Budu’s world is a content and happy place where he controls toys based on his own beneficent free will. These toys won’t operate themselves will they? He has to demand them, name them, collect them – it’s his manifest destiny to do so.
When a scamp of a boy outside the walls of his estate starts to make noise with his few toys, it sounds like a call to action. After all, that scamp (which is what I have to keep calling him because he isn’t thoughtful enough to wear a cap with his name on it) knows Budu is inside and that his antics are shattering the peace inside that palatial home.
Thus begins their play date. For every toy the scamp brings out Budu is forced to respond with better, noisier toys. It’s not that he wants to, but some fitting response is warranted, otherwise how will this game play out?
Among the costumes Budu has is one of a cowboy, one of an Indian (dot, not feather). He doesn’t feel it’s fair to play just one side when playing both sides can be such fun. He also has a mask lying around (of someone who looks real tricky but is probably just doing his best to keep things clean). Fortunately he doesn’t have to resort to that or things could get ugly.
Just as Budu thinks he’s leader of the free-wheeling world once again, he spots an aerial affront – a kite. That’s not fair, these were supposed to be gentlemanly games between boys. Seems like the big guns are called for. One clean shot through the heart, I mean the kite, and things can be peaceful once again. Once again the robot can march down the hallway. Once again there is only one source of sound, and things are in order.
But wait, what’s that? That flute. That blasted flute! After all the effort they went through, things are back where they began. The band plays on.
Why can’t the scamp understand that to play means having better toys and letting the one with the best toys decide the rules? Budu is a kind soul who wants all children like him to have toys like he has. They can buy some from him, I’m sure he’ll share. Anything’s possible if you just don’t keep playing that flute in front of the dandy doodle. Can’t you see how much it torments him when the harmony of the world is broken?
The unseen oil lubricating the smooth conduct of this game are some energy fairies. They give Budu and other children the shot of glucose that they need to play for a long time. And what’s more delicious than that energy, you ask? The fact that they paid for this game.
In the end, ask yourself – isn’t life much better being a Budu?
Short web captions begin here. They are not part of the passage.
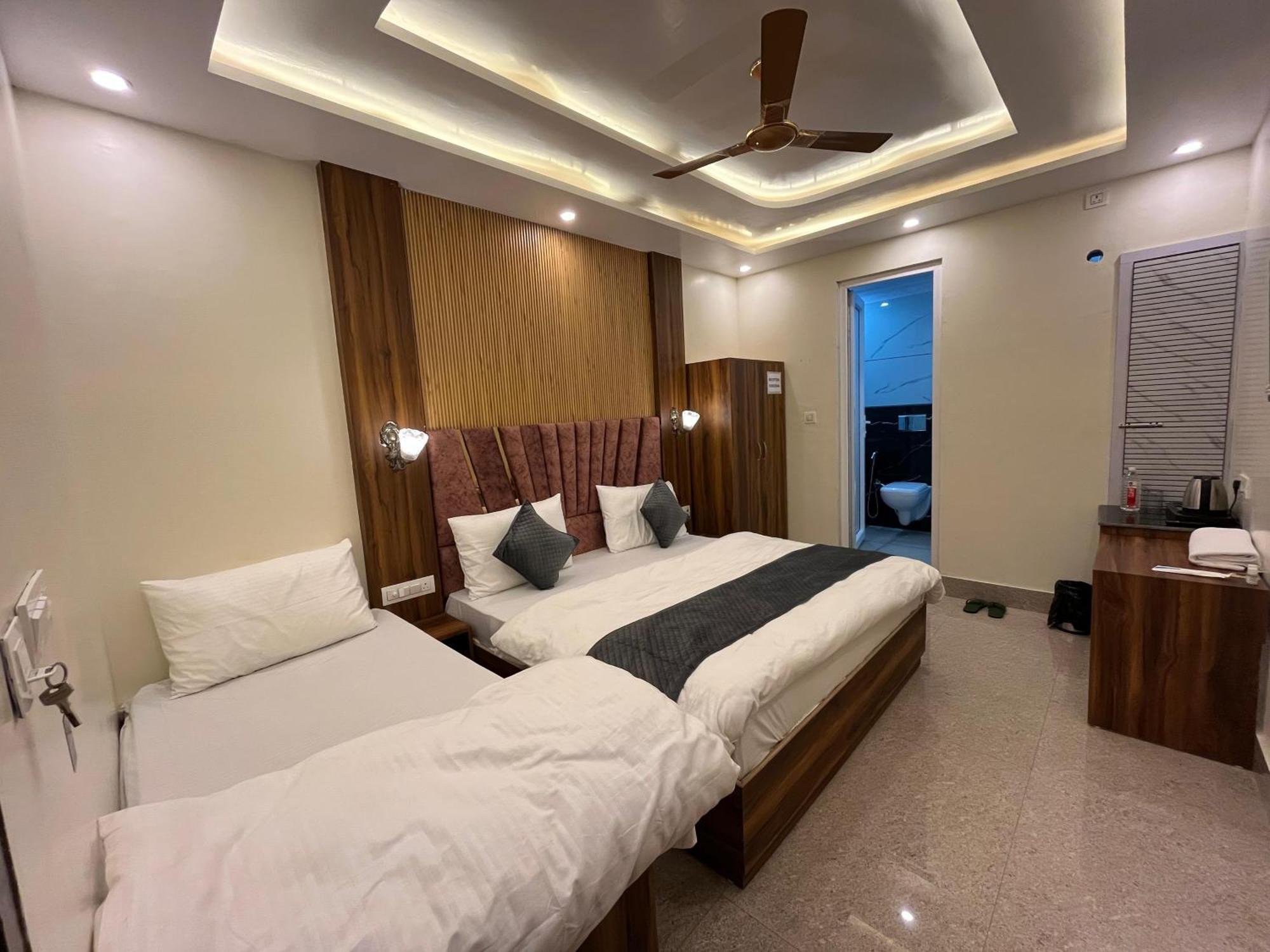 Hotel Grand Safari Kotdwāra Εξωτερικό φωτογραφία
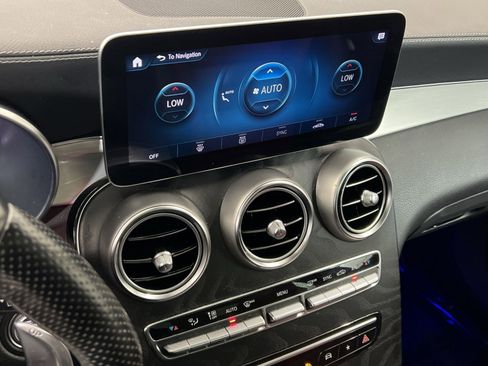 Used 2022 Mercedes-Benz GLC 43 AMG 4MATIC w/ Multimedia Package Lite image 26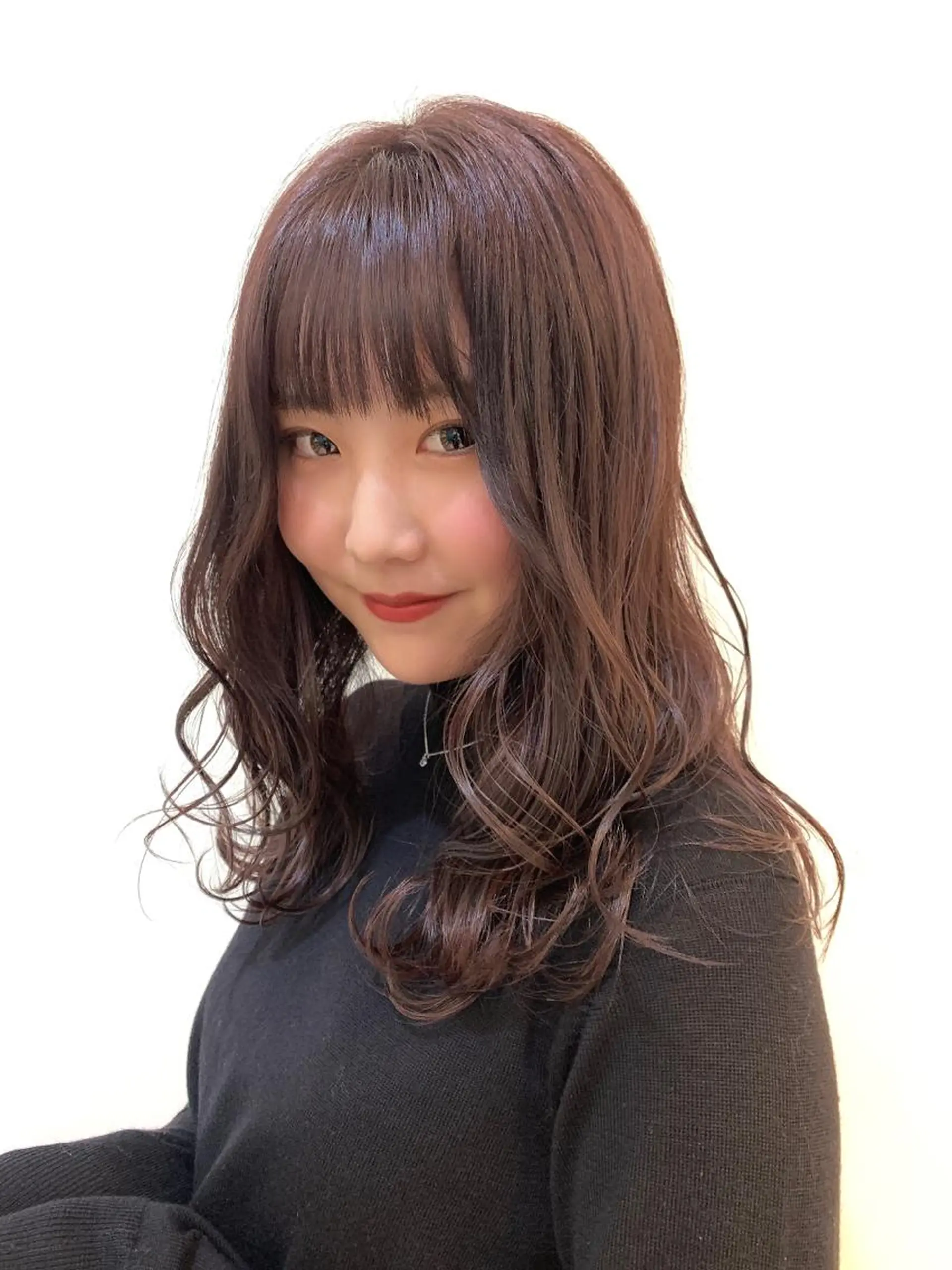 セミロング カット ヘアカラー 井上 亜海のヘアスタイル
I mean, why would you willingly give up the luxury within those high walls and live like the scamp? Sure, the scamp looks happy at first, but that’s only because he doesn’t fully know how poor and dirty he is. By the end of the game he knows how little his useless parents have provided him.
Once he gets to know there’s no cap on his head, he’ll come around. After all, which kid wants to be capless in a world with infinite varieties of caps? Why, that’s not fair. Fairness must be restored. Children need caps, and colas, and robots, and blocks, and guns, and balloons, and matches, and energy, and democracy, I mean freedom.